Gravity-aligned frames let pointmaps share a common vertical axis across viewpoints, which reduces the rotational degrees of freedom needed to relate them; the resulting G3T model produces accurate upright pointmaps and camera-to-gravity poses, and the G3T-Long submap pipeline that operates on these predictions delivers significantly higher reconstruction accuracy than camera-centric baselines.

What carries the argument

Gravity Grounded Geometry Transformer (G3T), a model fine-tuned to predict pointmaps and poses directly in gravity-aligned frames.

If this is right

Upright pointmaps share one vertical axis across all views, so only two rotational degrees of freedom remain when aligning them.
G3T produces both the upright pointmaps and the camera-to-gravity pose estimates needed for incremental reconstruction.
G3T-Long, the submap-based pipeline, converts the reduced rotational freedom into measurably higher final accuracy.
The same gravity-aligned output format works for any base model that can be fine-tuned on aligned 3D data.

Where Pith is reading between the lines

These are editorial extensions of the paper, not claims the author makes directly.

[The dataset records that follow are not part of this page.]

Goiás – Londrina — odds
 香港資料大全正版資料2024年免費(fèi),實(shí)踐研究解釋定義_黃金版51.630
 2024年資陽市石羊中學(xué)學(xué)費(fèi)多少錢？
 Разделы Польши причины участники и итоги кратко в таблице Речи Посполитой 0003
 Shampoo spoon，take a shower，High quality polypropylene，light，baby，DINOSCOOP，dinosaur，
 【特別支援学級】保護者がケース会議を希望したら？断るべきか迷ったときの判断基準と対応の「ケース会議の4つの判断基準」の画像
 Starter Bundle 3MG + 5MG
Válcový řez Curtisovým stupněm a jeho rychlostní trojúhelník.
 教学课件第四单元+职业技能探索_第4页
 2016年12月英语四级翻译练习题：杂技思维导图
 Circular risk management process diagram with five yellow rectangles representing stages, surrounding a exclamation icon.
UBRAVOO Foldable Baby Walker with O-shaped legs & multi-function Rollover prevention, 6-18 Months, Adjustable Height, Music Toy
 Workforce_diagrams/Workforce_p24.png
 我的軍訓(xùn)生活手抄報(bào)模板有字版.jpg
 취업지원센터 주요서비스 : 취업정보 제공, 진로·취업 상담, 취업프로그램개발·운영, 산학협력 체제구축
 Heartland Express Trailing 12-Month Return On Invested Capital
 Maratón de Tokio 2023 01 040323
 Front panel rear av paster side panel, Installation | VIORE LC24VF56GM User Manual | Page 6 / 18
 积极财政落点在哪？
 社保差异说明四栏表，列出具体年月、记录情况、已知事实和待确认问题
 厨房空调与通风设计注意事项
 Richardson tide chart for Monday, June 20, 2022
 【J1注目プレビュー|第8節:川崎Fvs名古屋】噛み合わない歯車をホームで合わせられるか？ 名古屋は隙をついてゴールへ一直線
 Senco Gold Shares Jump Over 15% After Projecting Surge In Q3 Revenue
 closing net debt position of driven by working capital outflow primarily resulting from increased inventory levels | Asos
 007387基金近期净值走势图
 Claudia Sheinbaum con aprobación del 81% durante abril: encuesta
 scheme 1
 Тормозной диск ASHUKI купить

Coordinate-frame choice becomes a first-class design decision for future feed-forward 3D models, comparable to network architecture.
The method could be combined with IMU or accelerometer data to supply the gravity direction when visual cues are weak.
Scenes with strong but varying gravity (tilted buildings, sloped terrain) may require an adaptive gravity vector per submap rather than a single global direction.

Load-bearing premise

Many real-world scenes contain strong structural cues with a consistent gravity direction that can be exploited by predicting pointmaps in gravity-aligned frames.

What would settle it

Reconstruction accuracy on a test set of scenes lacking consistent gravity direction (for example, underwater footage or microgravity environments) shows no gain or a drop relative to camera-centric baselines.

Figures

Figures reproduced from arXiv: 2605.27372 by Bharath Raj Nagoor Kani, Noah Snavely.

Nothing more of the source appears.